[[ GIVEN RECORDS, beginning ]]

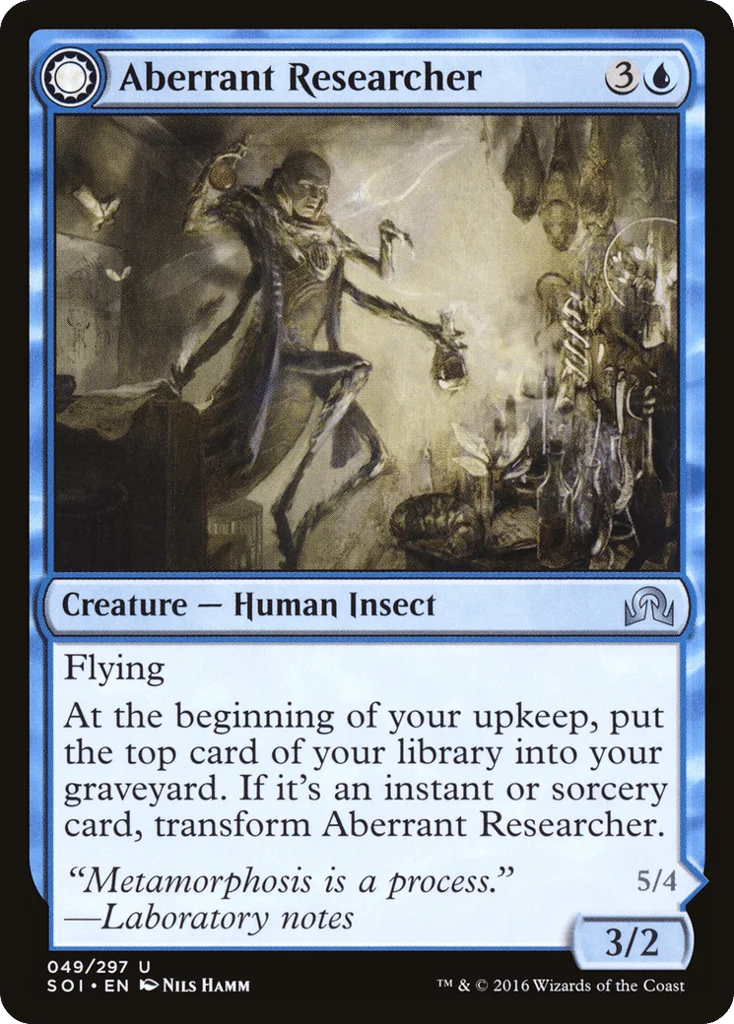 Aberrant Researcher // Perfected Form · Shadows over Innistrad
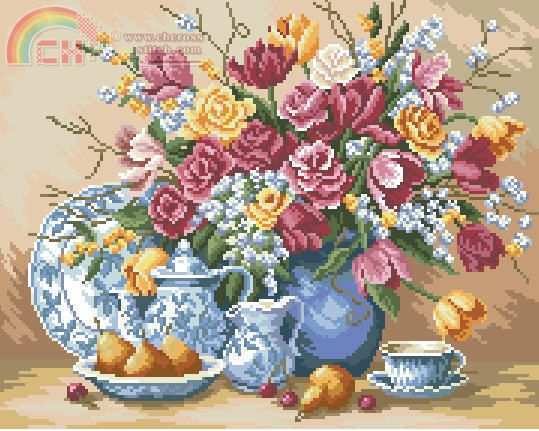 ChM2007 -1 China Blue Spring Flowers (180x143).jpg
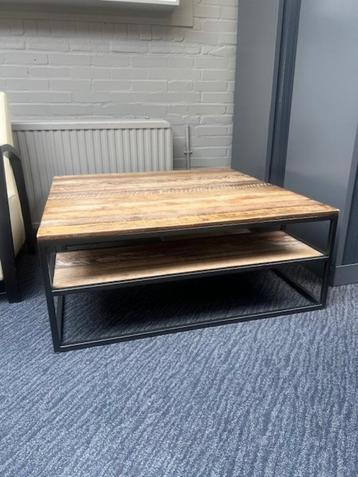 Salontafel D-bodhi Tuareg, stalen frame, houten blad beschikbaar voor biedingen
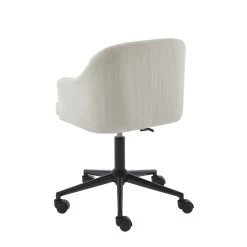 Fauteuil De Bureau BARNABE En Velours Côtelé Beige 10 Fauteuil De Bureau BARNABE En Velours Côtelé Beige -Meuble Déco Soldes fauteuil barnabe en velours cotele beige 3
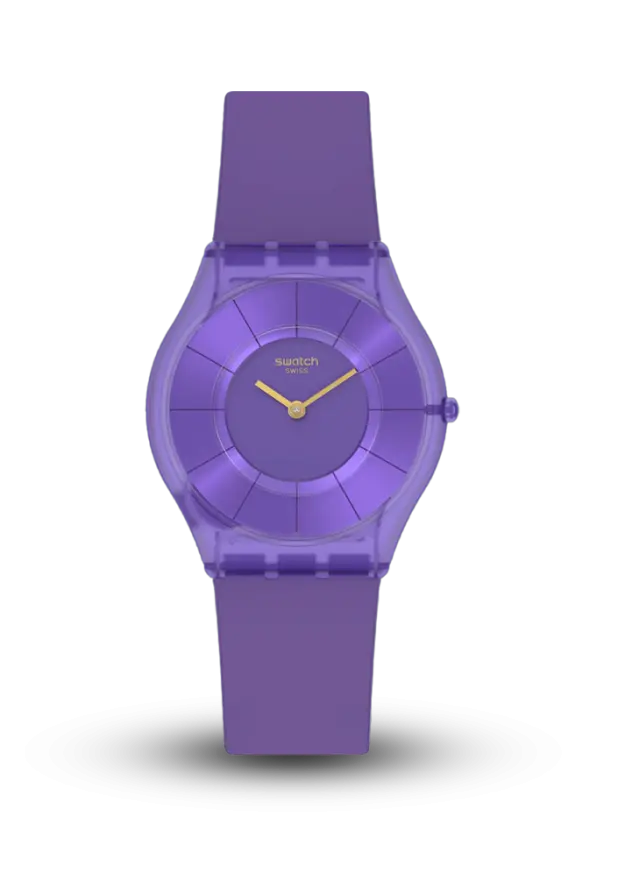 SWATCH - MONTHLY DROPS - PURPLE TIME - SS08V103  şəkil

[[ GIVEN RECORDS, end ]]

PROBLEM DESCRIPTION: In the answer, give only the lines from the top of the data above through the line with "Salontafel D-bodhi Tuareg, stalen", reproduced exactly; no picture may appear.

OUTPUT FOR THIS TASK:
 Aberrant Researcher // Perfected Form · Shadows over Innistrad
 ChM2007 -1 China Blue Spring Flowers (180x143).jpg
 Salontafel D-bodhi Tuareg, stalen frame, houten blad beschikbaar voor biedingen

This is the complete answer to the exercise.